_Exercise requirements:_
Please give the lines below again exactly as they stand, from the one that contains "Once I was done" up to and including the one that contains "Potency can also", leaving all pictures out.

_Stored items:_
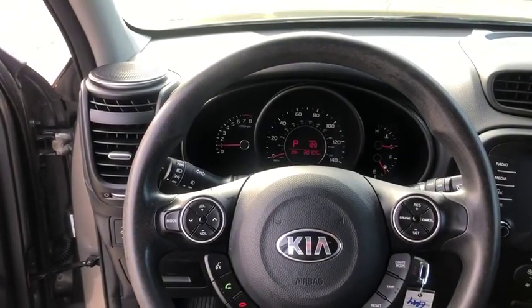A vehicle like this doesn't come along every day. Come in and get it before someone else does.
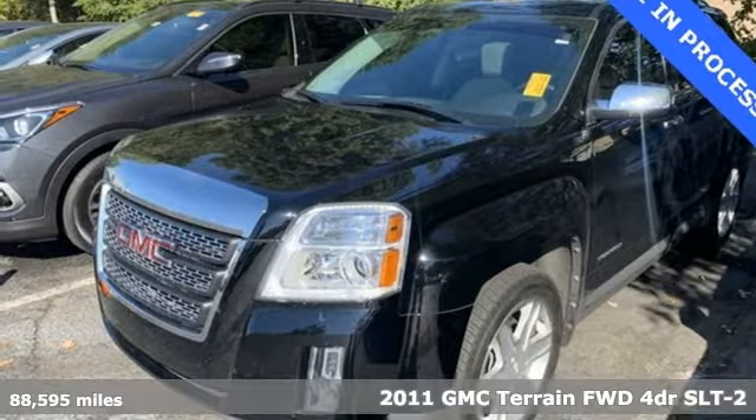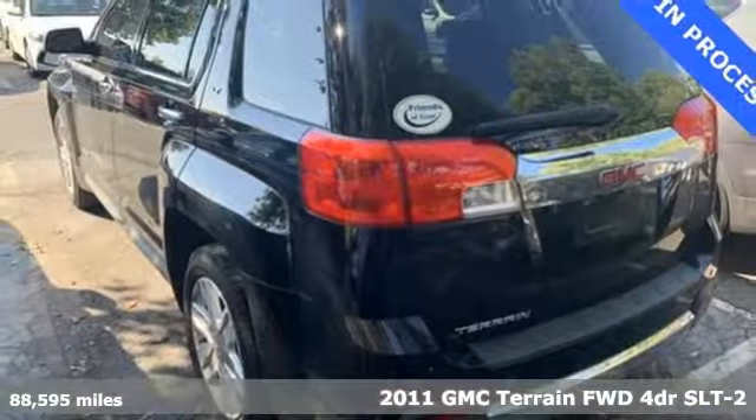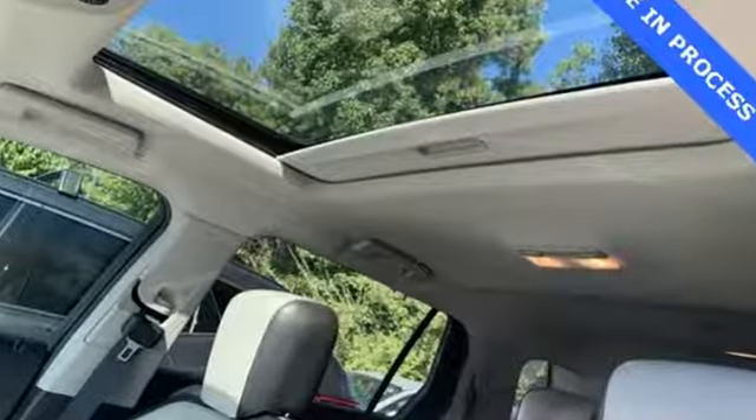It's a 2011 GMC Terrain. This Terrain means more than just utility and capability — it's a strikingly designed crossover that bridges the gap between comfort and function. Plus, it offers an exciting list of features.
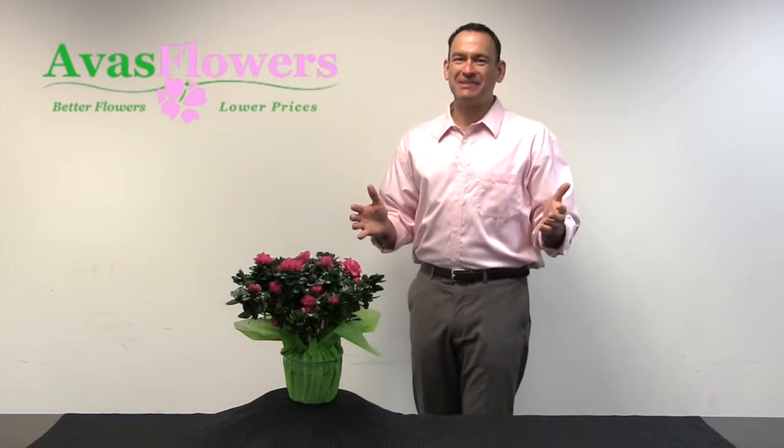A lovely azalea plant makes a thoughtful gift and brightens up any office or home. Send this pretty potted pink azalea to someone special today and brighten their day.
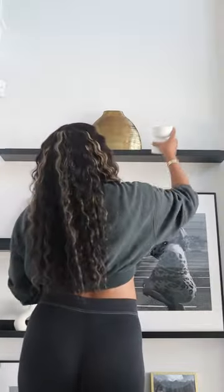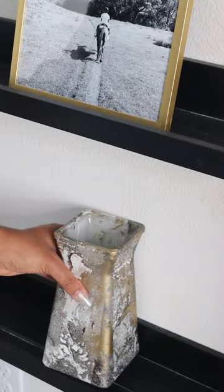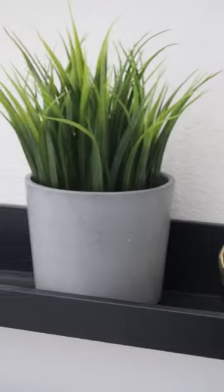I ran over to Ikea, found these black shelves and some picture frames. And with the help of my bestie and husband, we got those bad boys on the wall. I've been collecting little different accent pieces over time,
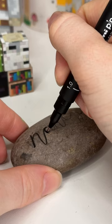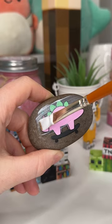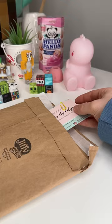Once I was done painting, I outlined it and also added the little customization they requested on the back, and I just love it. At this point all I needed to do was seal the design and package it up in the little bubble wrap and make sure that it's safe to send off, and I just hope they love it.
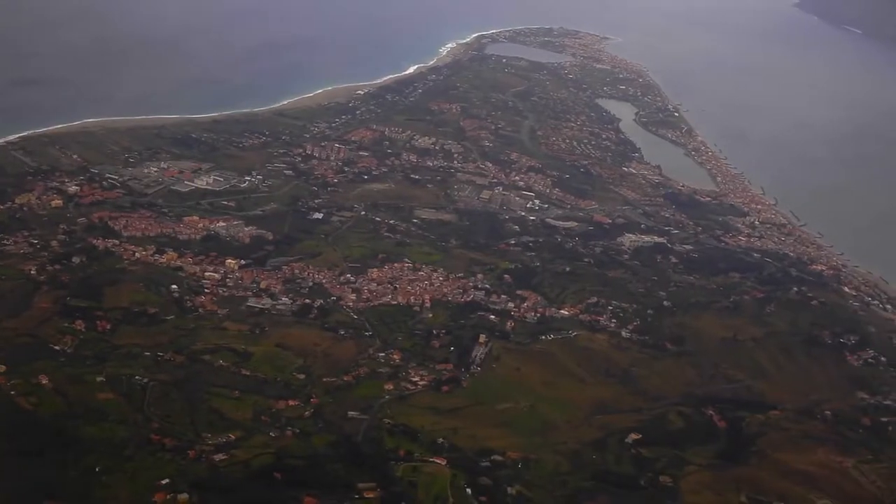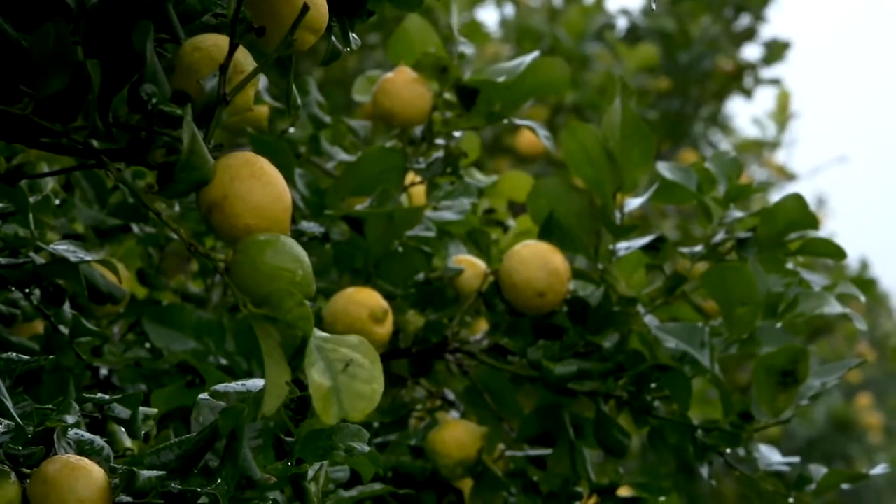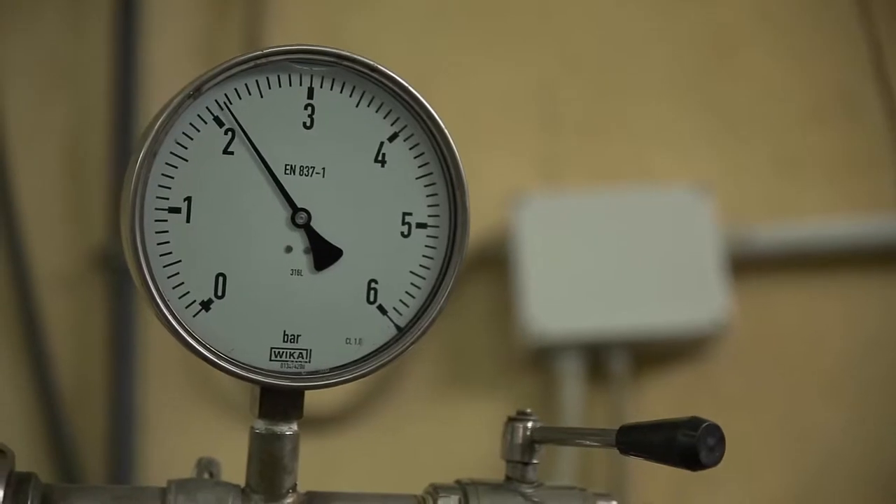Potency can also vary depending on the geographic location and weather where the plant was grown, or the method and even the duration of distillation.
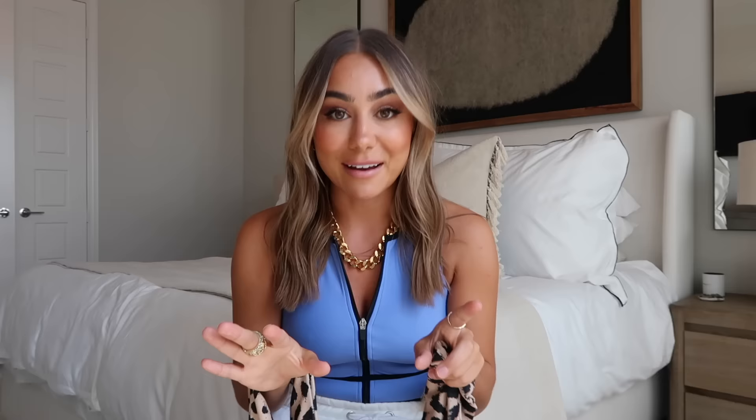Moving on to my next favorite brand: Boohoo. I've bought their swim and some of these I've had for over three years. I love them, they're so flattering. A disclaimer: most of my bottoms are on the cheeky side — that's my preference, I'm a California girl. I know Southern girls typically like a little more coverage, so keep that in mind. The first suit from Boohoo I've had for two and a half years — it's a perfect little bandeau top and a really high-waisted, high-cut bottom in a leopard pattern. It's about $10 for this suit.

_Written solution:_
Once I was done painting, I outlined it and also added the little customization they requested on the back, and I just love it. At this point all I needed to do was seal the design and package it up in the little bubble wrap and make sure that it's safe to send off, and I just hope they love it.
Potency can also vary depending on the geographic location and weather where the plant was grown, or the method and even the duration of distillation.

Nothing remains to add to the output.